Supplied records ->
++++++++++

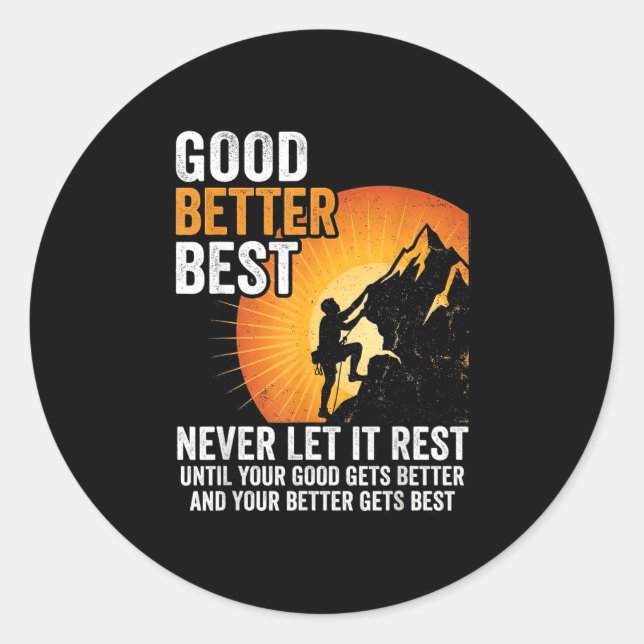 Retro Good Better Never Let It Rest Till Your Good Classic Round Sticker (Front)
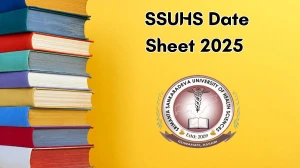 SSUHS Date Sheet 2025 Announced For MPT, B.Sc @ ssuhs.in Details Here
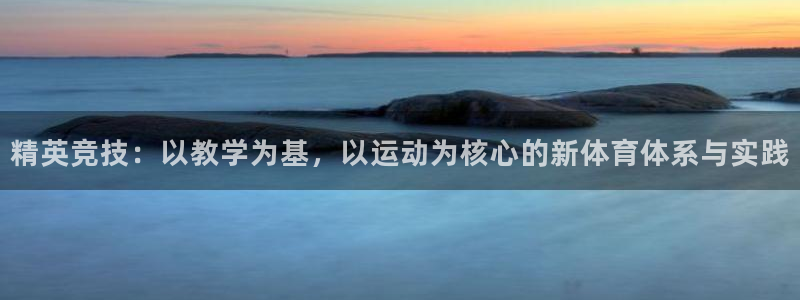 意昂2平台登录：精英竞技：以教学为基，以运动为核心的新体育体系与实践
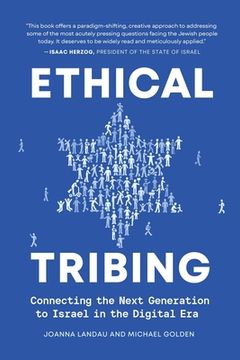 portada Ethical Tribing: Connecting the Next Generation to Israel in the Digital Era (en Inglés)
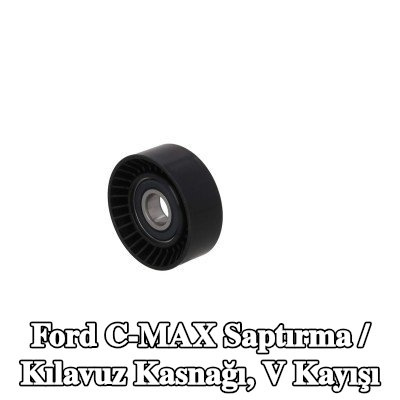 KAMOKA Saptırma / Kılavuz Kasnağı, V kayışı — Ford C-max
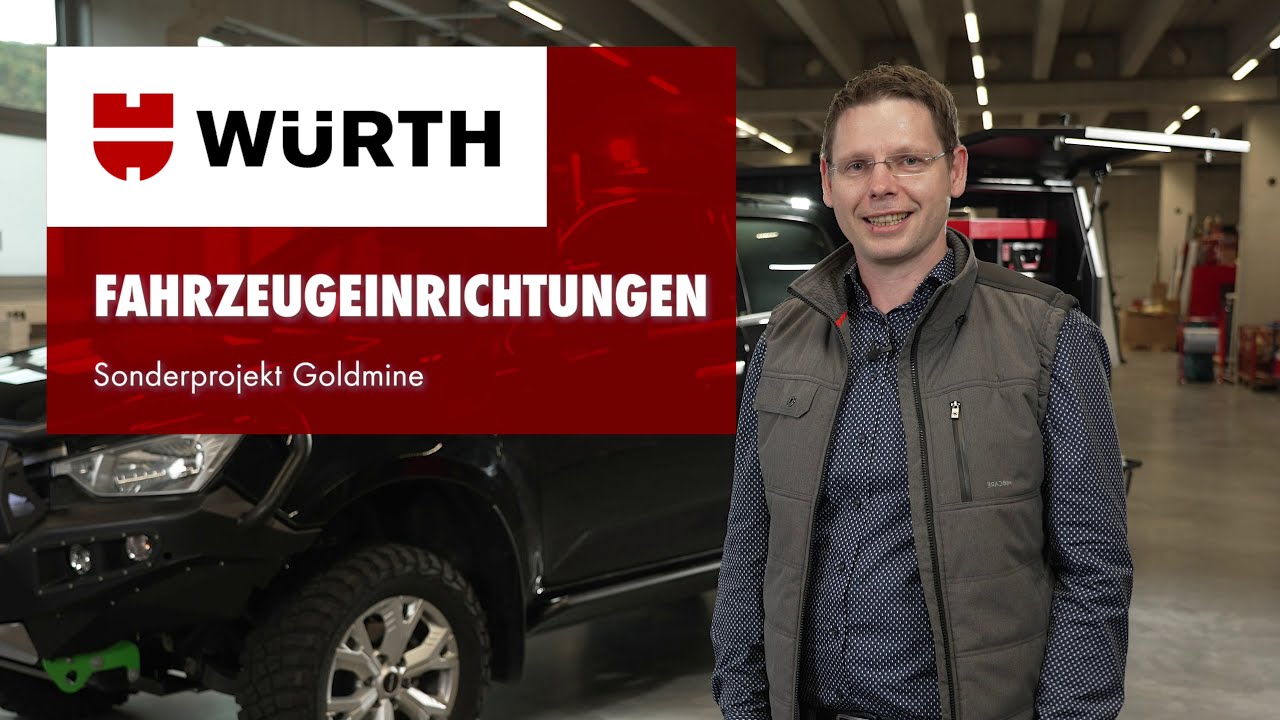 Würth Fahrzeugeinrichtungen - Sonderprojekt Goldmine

++++++++++

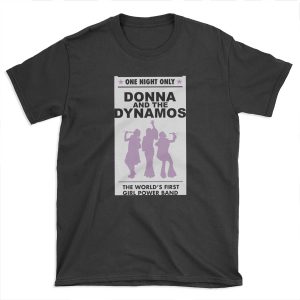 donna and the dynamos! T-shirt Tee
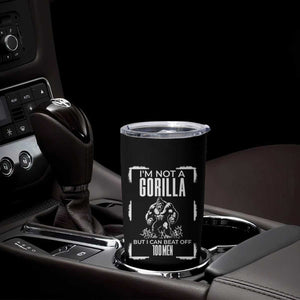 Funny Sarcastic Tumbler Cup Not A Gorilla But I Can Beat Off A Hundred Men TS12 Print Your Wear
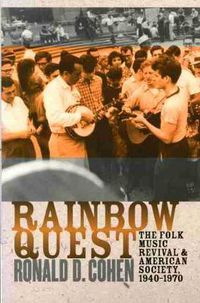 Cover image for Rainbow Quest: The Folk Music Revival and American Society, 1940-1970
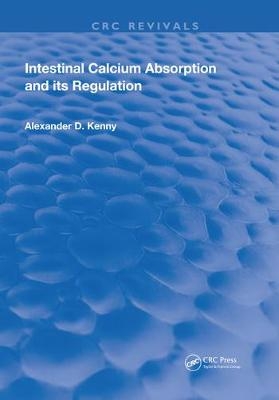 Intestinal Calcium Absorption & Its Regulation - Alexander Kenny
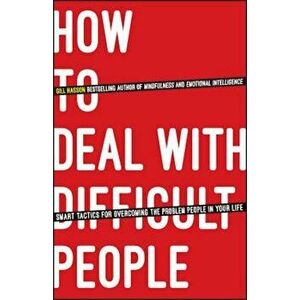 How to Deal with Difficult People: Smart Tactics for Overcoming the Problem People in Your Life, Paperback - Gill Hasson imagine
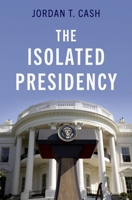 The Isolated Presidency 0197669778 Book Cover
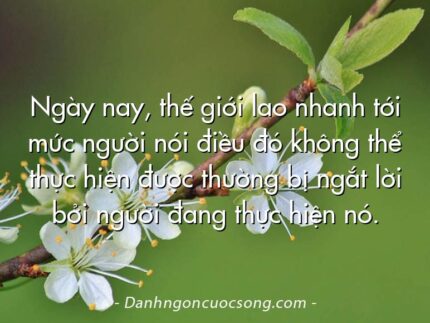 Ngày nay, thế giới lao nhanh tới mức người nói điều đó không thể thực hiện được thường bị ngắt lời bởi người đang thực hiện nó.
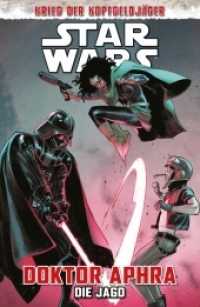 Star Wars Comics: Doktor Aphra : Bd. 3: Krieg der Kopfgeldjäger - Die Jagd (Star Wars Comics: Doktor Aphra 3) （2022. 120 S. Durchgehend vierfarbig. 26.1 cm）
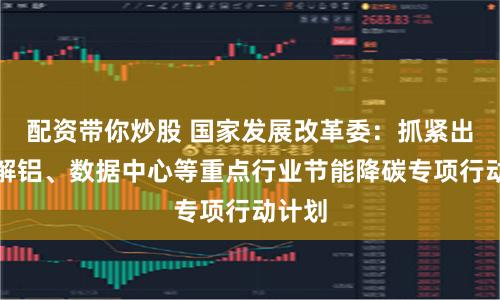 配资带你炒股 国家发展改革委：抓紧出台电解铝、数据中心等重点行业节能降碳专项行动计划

++++++++++

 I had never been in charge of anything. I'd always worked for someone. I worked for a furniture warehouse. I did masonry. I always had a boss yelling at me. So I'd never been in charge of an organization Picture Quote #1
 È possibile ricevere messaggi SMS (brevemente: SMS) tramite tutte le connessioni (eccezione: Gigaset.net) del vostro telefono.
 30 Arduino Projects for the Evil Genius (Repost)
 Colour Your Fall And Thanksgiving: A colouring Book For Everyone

++++++++++

Activity ->
In the listing above, find the line containing "portada Ethical Tribing: Connecting" and the line containing "Würth Fahrzeugeinrichtungen - Sonderprojekt". Reproduce those lines and all between them exactly, with no pictures and nothing more.

Problem solution ->
 portada Ethical Tribing: Connecting the Next Generation to Israel in the Digital Era (en Inglés)
 KAMOKA Saptırma / Kılavuz Kasnağı, V kayışı — Ford C-max
 Würth Fahrzeugeinrichtungen - Sonderprojekt Goldmine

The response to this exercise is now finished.